В этом вопросе Платон остается наследником и продолжателем Парменида; вернее, той главной интуиции, необходимость которой признавали элеаты. Разумеется, нет ничего более противоположного материализму Парменида, чем идеализм Платона. Но так как всё, что высказывается о бытии как о бытии, заключает в себе некие основополагающие необходимости, не так уж важно, приписывать ли бытие полностью однородной сфере или идеям. Метафизика Платона глубоко отлична от физики Парменида, но их онтология подчиняется одному и тому же закону.

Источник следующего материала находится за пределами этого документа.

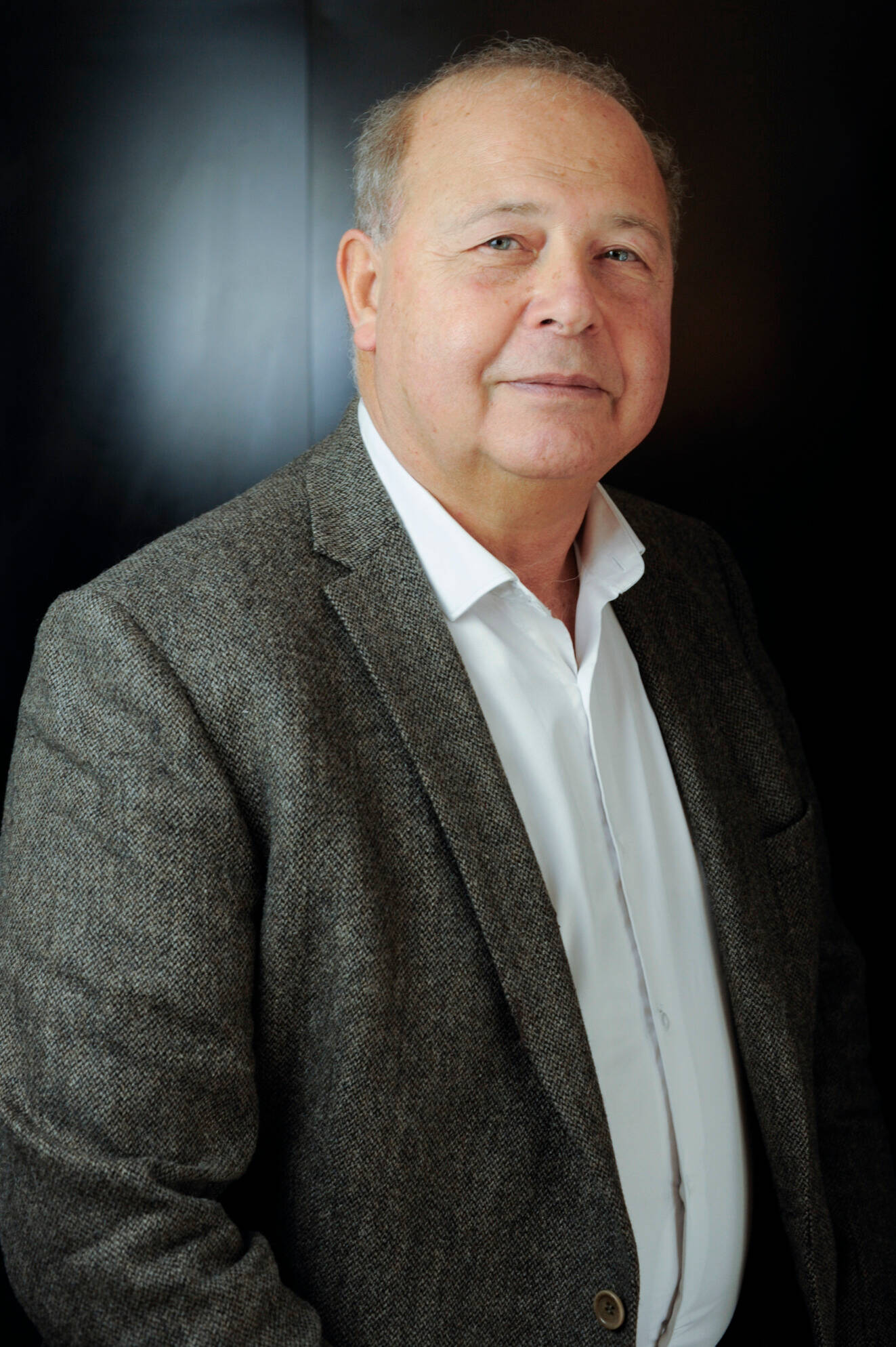 "On a affaire à des choses qu'on ne connaît pas": cet ingénieur niçois publie un livre passionnant sur les ovnis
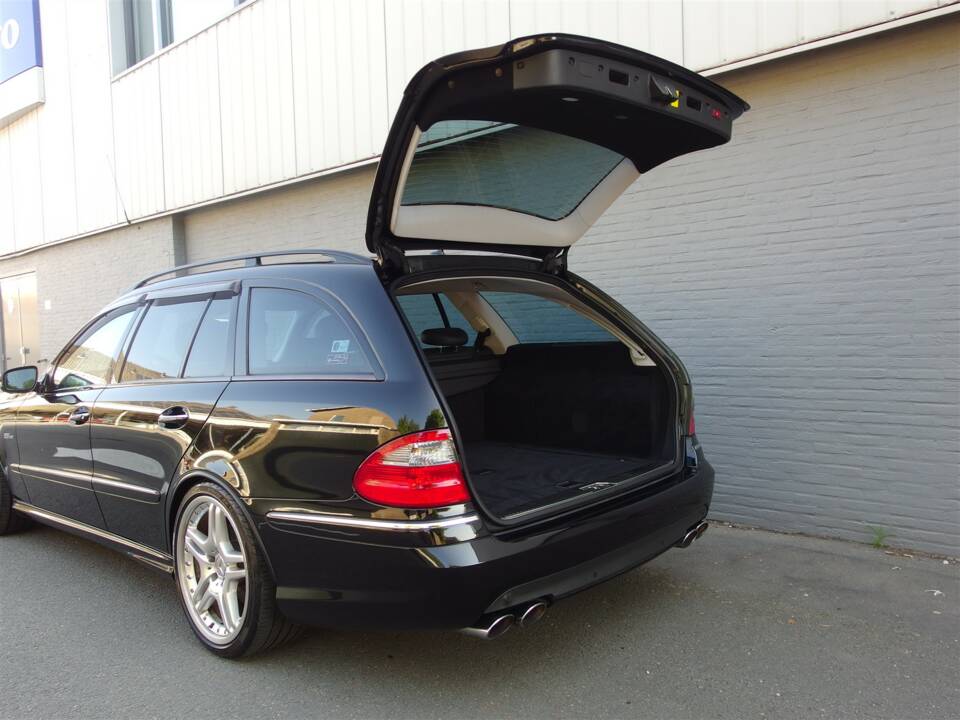 Image 63/98 of Mercedes-Benz E 63 AMG T (2008)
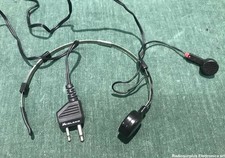 Auricolare con microfono da moto  Midland  utilizzato all'interno di casco da 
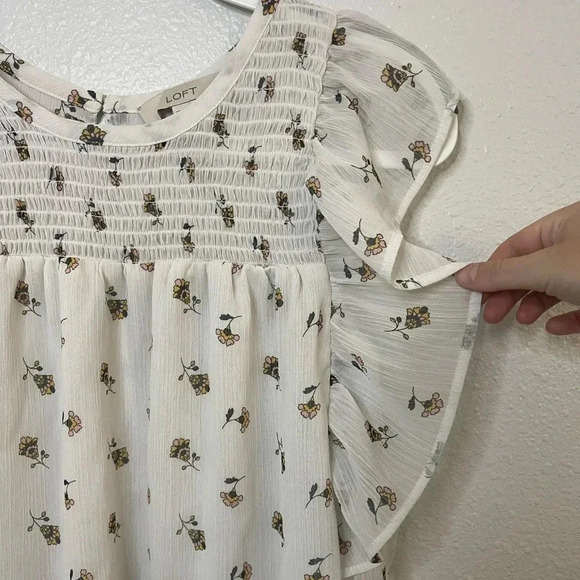 ☀️Loft Flutter Sleeve Blouse - Picture 4 of 11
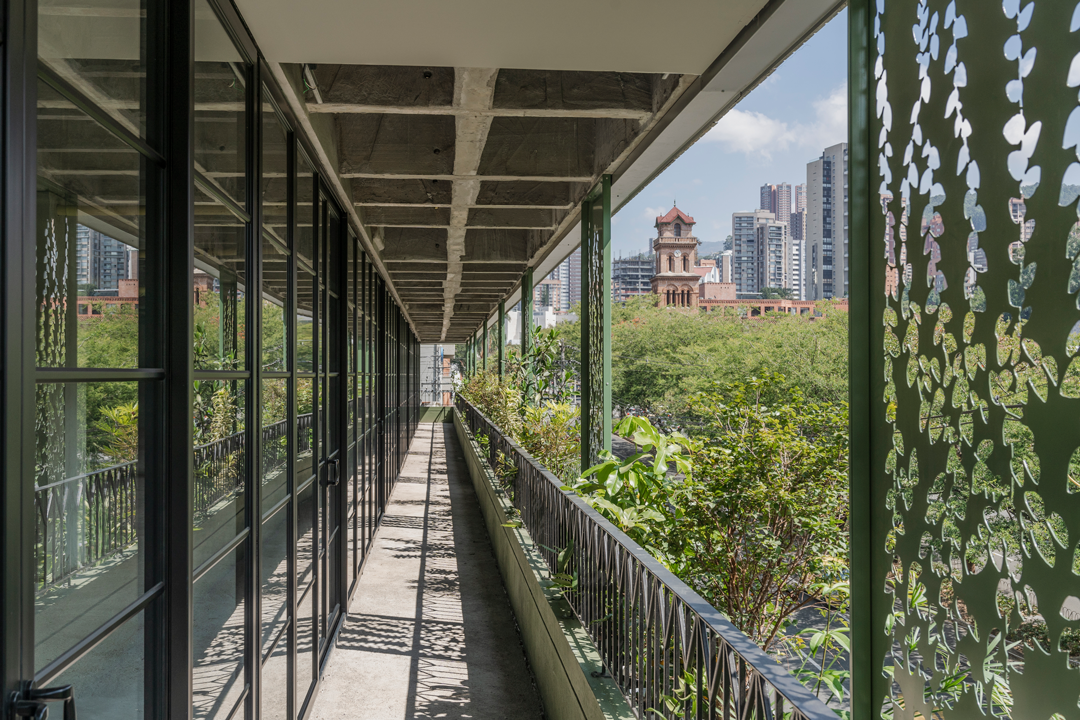 Begrünte Gebäudehülle des Projekts Antejardín in Medellín mit Fassaden- und Verschattungselementen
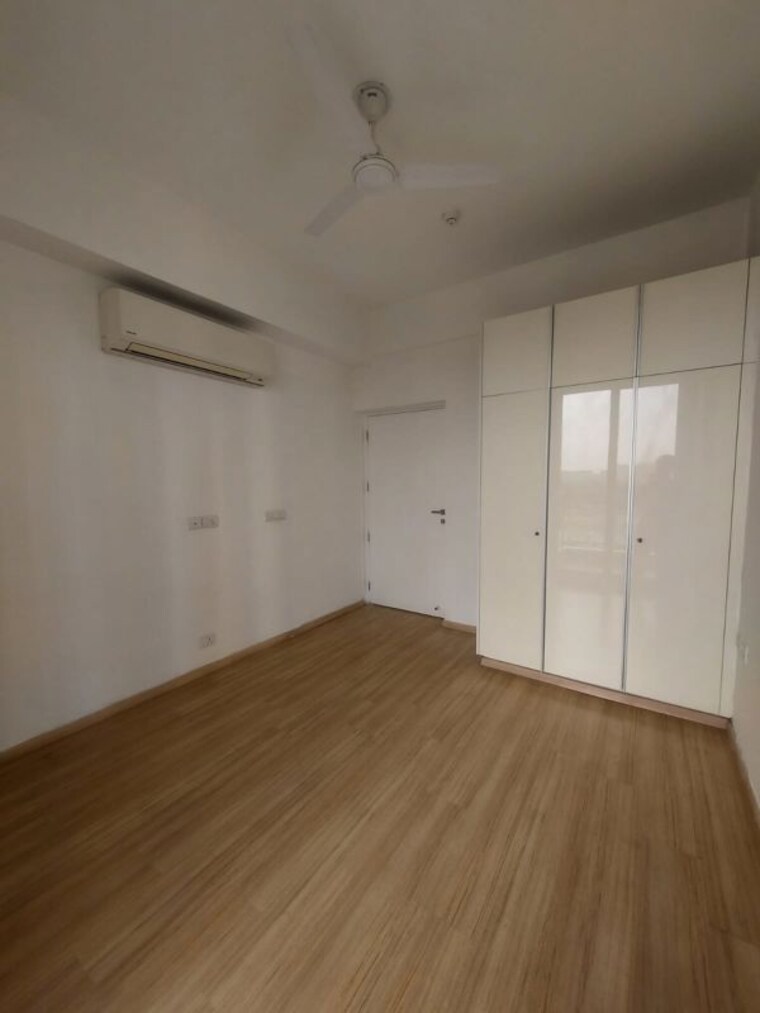 Room, m3m-antalya-hills 3 Bedroom 1550 Sq.Ft. Builder Floor In Sector 79 Gurgaon 10682165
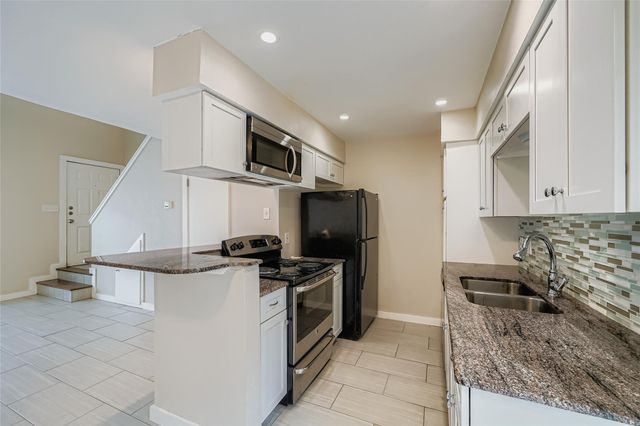 5604 Woodrow Ave 11, Austin, TX 78756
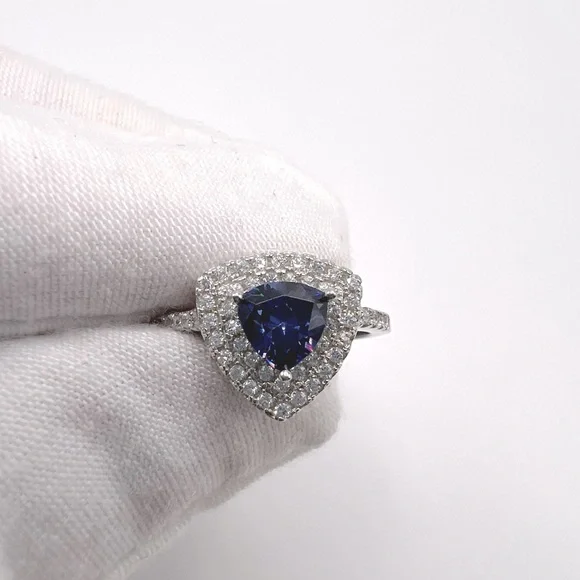 Sale $20 Firm! Sterling Silver Trillion Shape Tanzanite Cz and Clear Cz Ring - Picture 16 of 16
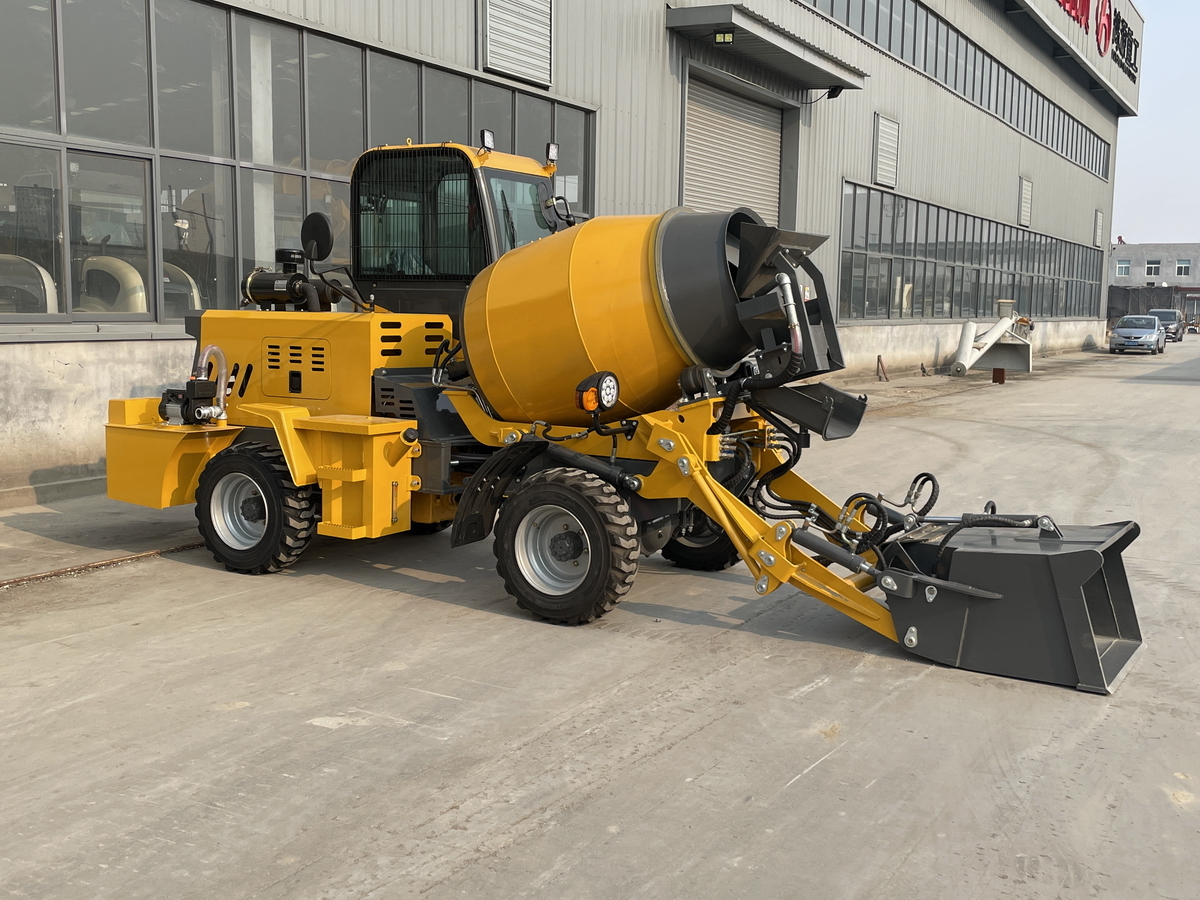 QINGDAO PROMISING 1.2CBM Mini Concrete Mixer Truck - شاحنة خلاطة خرسانة: صورة 4 QINGDAO PROMISING 1.2CBM Mini Concrete Mixer Truck - شاحنة خلاطة خرسانة: صورة 4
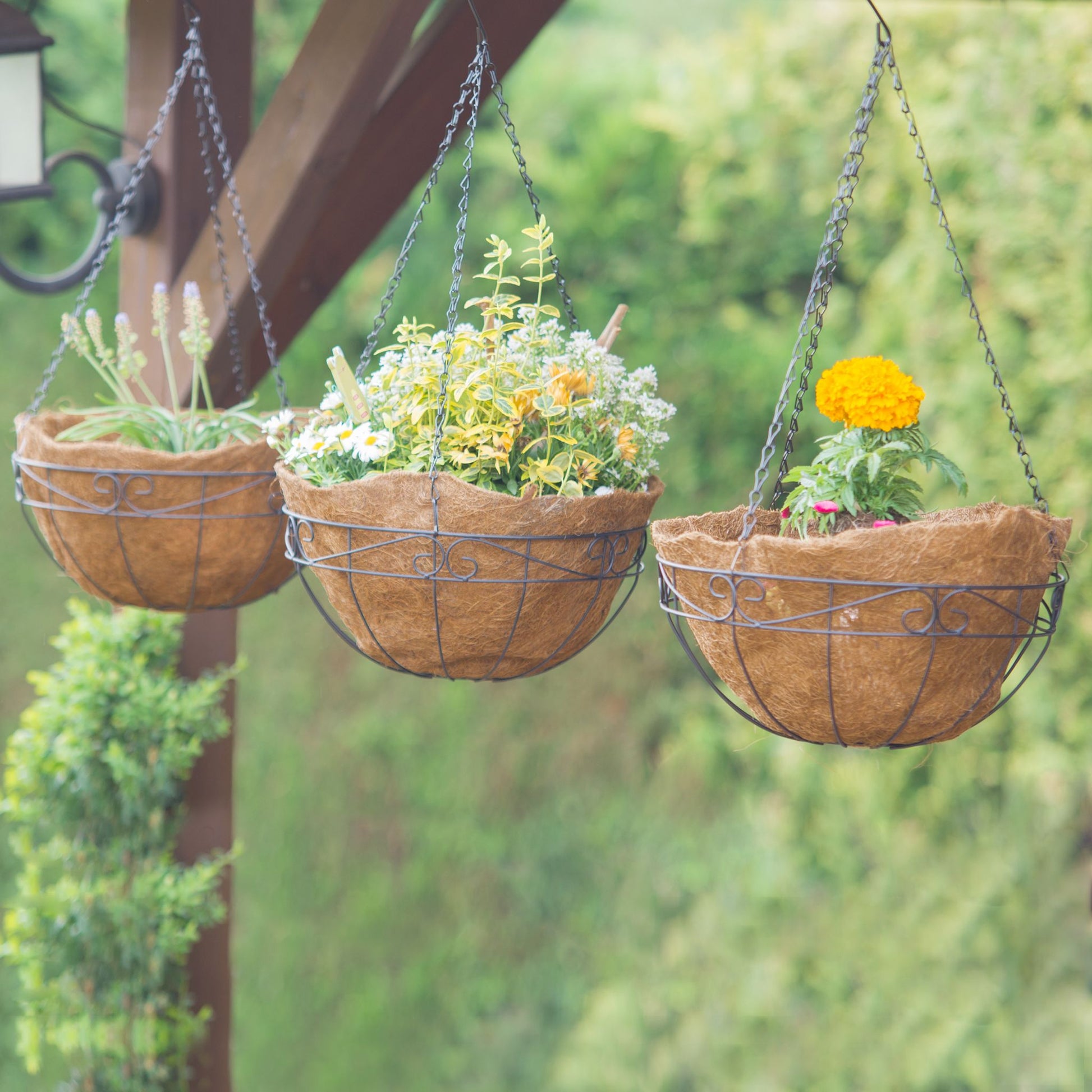 Blumenampel 3 Körbe Kokos Braun von Relaxdays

Приступая к этой проблеме, Платон пытается определить то, что он называет όντως όν. Обычно эта формула переводится на латынь как vere ens, а на французский — как véritablement etre: «истинно сущее». Конечно, эти переводы верны, однако несовершенны. Мы довольствуемся ими за неимением лучших. Переводя наречие όντως как «истинно», мы теряем такое выразительное в греческой формуле удвоение корня, дважды обозначающего понятие бытия. Аналогичным удвоением было бы «реально реальное», однако здесь мы подменяем понятием res, «вещи», понятие бытия, которое теперь уже исчезает совсем. Но как ни переводить эту формулу, смысл ее ясен. Платон, очевидно, хочет обозначить ею те из предметов познания, которые поистине и вполне заслуживают имени сущих; или, другими словами, те предметы, о которых с полным правом можно сказать: они суть.